Est-il temps de réformer le Conseil constitutionnel ? (par Michaël Chetrit, vice-président de l’association internationale pour la défense des droits fondamentaux (AIDDF)

L’affaire judiciaire dans laquelle est impliqué le précédent président de la République repose la question du mode de désignation des membres du Conseil constitutionnel. Issu des articles 56 à 63 de la Constitution de 1958, le Conseil constitutionnel présente en effet une spécificité unique en Europe.

Alors que dans tous les pays européens, l’institution est une véritable « Cour constitutionnelle » composée de magistrats professionnels indépendants, en France, ses membres sont désignés par le pouvoir politique pour neuf ans, respectivement par le président de la République et par le président de chacune des assemblées du Parlement, Sénat et Assemblée nationale. Pour comble, les anciens présidents de la République sont membres de droit, à vie.

Ainsi, sur les onze membres du Conseil constitutionnel actuellement en fonction, tous sont issus des rangs de la droite à l’exception d’un ancien sénateur exclu du parti socialiste, et sept d’entre eux sont d’anciens parlementaires.

Dès lors, le mode de nomination des membres du Conseil constitutionnel présente-t-il les garanties suffisantes pour que les citoyens soient assurés de l’impartialité de ses membres ?

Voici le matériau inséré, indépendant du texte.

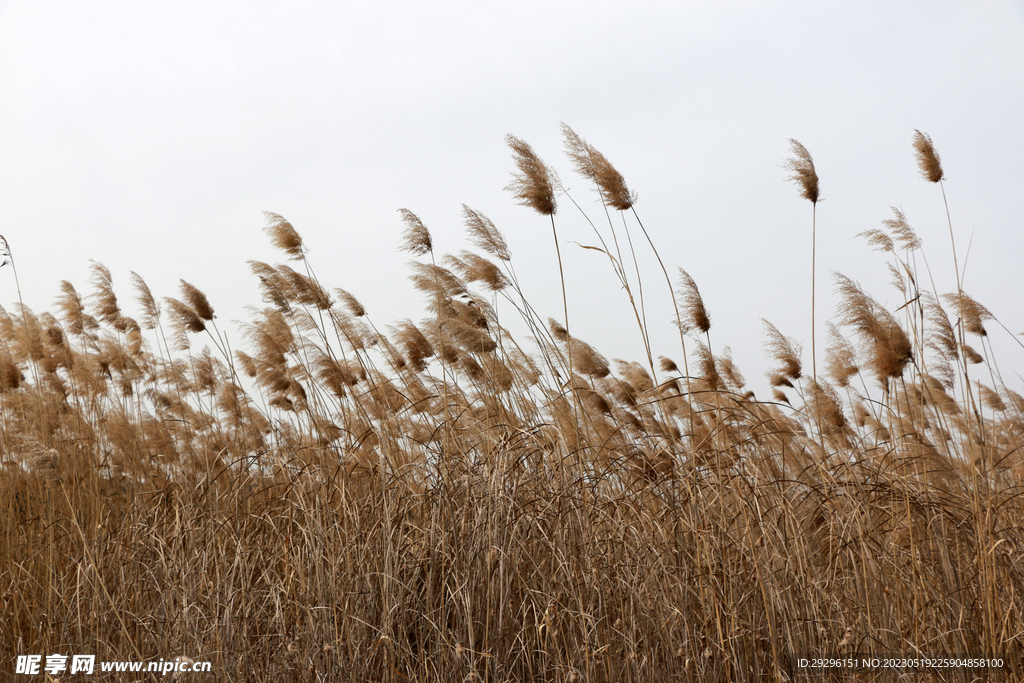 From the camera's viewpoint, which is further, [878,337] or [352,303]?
[352,303]

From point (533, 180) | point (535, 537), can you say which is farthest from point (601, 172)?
point (535, 537)

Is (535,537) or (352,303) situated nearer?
(535,537)

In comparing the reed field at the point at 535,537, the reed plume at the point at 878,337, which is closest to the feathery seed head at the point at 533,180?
the reed field at the point at 535,537

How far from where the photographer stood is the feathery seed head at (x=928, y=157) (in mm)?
3859

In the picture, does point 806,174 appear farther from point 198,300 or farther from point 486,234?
point 198,300

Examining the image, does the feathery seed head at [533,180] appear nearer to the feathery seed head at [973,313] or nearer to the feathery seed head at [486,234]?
the feathery seed head at [486,234]

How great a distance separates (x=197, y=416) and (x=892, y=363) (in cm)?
466

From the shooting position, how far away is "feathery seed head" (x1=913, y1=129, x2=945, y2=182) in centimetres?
386

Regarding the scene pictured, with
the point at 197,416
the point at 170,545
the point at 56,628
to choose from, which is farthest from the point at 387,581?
the point at 197,416

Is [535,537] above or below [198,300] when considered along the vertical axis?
below

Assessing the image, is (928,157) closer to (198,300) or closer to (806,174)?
(806,174)

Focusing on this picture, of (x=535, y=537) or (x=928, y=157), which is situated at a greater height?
(x=928, y=157)

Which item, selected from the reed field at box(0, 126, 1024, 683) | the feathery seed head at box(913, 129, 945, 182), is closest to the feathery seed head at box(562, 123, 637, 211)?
the reed field at box(0, 126, 1024, 683)

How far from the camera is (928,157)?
152 inches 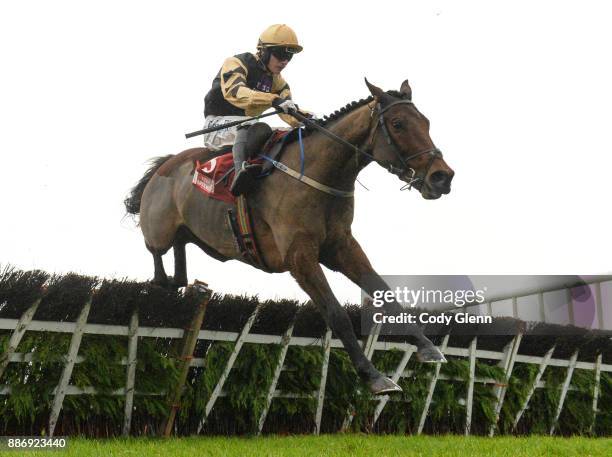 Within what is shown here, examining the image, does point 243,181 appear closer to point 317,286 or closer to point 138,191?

Voilà une question qui pourrait lui être soumise, car les attributions dévolues au Conseil constitutionnel, institution garante des droits et libertés fondamentales, ressortent éminemment du domaine politique et sont essentielles au bon fonctionnement de notre démocratie, qu’on en juge : contentieux électoral et référendaire, contrôle de constitutionnalité des textes législatifs non encore promulgués, et depuis mars 2010, contrôle des lois promulguées dans le cadre de la question prioritaire de constitutionnalité.

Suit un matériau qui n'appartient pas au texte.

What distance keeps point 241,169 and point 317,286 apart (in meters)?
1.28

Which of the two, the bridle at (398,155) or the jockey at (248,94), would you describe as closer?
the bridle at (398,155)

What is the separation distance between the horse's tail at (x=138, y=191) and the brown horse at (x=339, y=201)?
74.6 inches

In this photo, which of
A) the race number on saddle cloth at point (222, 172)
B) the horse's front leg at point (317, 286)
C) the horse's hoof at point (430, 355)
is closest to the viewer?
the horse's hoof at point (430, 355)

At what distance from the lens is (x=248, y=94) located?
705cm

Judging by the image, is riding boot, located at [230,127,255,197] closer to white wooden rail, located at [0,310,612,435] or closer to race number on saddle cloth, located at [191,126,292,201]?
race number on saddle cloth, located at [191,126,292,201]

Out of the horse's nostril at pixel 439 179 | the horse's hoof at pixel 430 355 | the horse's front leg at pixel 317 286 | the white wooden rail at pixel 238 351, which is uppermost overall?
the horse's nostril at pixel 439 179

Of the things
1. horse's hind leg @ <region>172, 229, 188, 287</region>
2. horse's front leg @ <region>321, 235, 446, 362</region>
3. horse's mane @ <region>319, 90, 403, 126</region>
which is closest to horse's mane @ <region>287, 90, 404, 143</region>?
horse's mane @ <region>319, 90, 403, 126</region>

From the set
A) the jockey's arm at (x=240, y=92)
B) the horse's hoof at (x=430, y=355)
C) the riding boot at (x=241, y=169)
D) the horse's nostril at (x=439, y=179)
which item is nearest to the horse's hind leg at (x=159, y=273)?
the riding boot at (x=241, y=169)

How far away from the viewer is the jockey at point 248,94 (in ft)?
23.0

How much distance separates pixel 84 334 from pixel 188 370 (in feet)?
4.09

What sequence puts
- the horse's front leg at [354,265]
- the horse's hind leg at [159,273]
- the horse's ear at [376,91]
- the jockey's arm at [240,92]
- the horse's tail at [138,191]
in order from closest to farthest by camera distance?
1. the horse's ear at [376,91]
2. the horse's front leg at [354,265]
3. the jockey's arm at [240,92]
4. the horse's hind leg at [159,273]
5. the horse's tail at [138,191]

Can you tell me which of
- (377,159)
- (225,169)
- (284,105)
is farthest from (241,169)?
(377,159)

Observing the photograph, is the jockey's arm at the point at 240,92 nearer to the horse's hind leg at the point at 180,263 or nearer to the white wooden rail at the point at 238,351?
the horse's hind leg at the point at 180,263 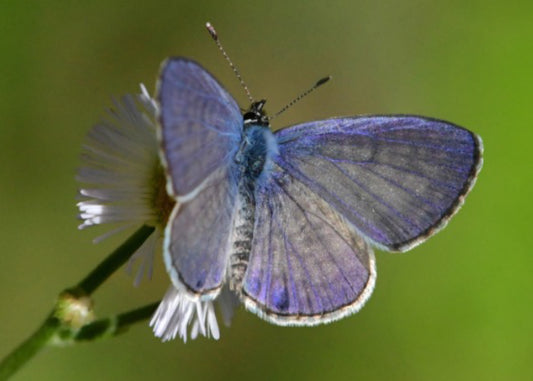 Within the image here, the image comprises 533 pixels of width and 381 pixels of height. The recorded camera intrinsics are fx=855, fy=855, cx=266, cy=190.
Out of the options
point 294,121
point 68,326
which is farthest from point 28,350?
point 294,121

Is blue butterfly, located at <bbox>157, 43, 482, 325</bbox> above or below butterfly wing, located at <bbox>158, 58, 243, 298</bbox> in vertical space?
below

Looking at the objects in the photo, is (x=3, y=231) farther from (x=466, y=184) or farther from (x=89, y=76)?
(x=466, y=184)

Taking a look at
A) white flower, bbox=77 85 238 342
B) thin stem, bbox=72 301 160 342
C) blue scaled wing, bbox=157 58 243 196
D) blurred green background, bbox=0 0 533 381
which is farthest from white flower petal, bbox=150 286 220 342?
blurred green background, bbox=0 0 533 381

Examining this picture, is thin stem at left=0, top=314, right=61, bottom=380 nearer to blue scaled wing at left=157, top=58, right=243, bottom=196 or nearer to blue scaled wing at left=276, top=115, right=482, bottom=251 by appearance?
blue scaled wing at left=157, top=58, right=243, bottom=196

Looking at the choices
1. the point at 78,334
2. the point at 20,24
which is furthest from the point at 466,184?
the point at 20,24

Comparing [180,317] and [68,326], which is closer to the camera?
[68,326]

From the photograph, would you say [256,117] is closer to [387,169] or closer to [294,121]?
[387,169] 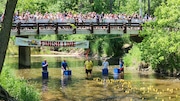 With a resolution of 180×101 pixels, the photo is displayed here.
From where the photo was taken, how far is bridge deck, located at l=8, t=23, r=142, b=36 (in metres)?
29.7

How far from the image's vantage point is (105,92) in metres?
19.9

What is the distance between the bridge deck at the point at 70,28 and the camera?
29.7 metres

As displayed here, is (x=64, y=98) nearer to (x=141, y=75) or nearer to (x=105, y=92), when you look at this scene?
(x=105, y=92)

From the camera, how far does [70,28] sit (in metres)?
30.8

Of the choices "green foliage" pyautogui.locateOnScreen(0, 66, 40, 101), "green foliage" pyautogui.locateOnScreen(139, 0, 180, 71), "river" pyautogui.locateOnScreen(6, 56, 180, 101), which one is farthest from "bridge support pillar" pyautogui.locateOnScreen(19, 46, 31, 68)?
"green foliage" pyautogui.locateOnScreen(0, 66, 40, 101)

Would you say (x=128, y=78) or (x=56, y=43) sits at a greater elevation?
(x=56, y=43)

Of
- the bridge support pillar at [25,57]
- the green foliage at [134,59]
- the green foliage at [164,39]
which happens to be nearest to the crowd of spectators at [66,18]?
the green foliage at [134,59]

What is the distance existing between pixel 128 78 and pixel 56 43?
719 cm

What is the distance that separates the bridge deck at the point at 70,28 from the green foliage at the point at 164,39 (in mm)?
4176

Ainsi, un Conseil constitutionnel de droite est-t-il enclin à censurer une disposition figurant dans une loi déposée par un gouvernement du même bord, et inversement ?

Comment expliquer que sur 150 questions prioritaires de constitutionnalité examinées, pourtant renvoyées devant le Conseil constitutionnel par la Cour de cassation ou le Conseil d’Etat à raison de leur caractère jugé « sérieux », seules 22 ont été déclarés non-conformes à la Constitution en totalité, et 11 non-conformes partiellement ?

Pourquoi le secrétariat général du gouvernement, qui représente le gouvernement aux audiences du Conseil constitutionnel en matière de question prioritaire de constitutionnalité, ne plaide-t-il jamais en faveur de la censure de la disposition législative en cause ?

On pourra citer une affaire récente édifiante, dont nous avons été à l’initiative. Le 30 septembre, le Conseil constitutionnel a eu à apprécier, sur renvoi de la Cour de cassation, si une loi pouvait confier à un décret le soin de définir la juridiction chargée de connaître des contentieux relatifs aux honoraires d’avocats.

Ce décret rédigé par le gouvernement, aurait pu attribuer cette compétence aux tribunaux de droit commun, mais a curieusement préféré créer un nouvel ordre de juridiction en la confiant à titre exclusif au bâtonnier de l’ordre des avocats en premier ressort, alors que la Constitution prévoit à son article 34 que la création d’un nouvel ordre de juridiction est du domaine de la loi et non d’un décret.

Or, cela pose un problème d’impartialité évident, car qui est le bâtonnier de l’ordre des avocats, si ce n’est le représentant des avocats élu par ses pairs pourdéfendre leurs intérêts catégoriels ?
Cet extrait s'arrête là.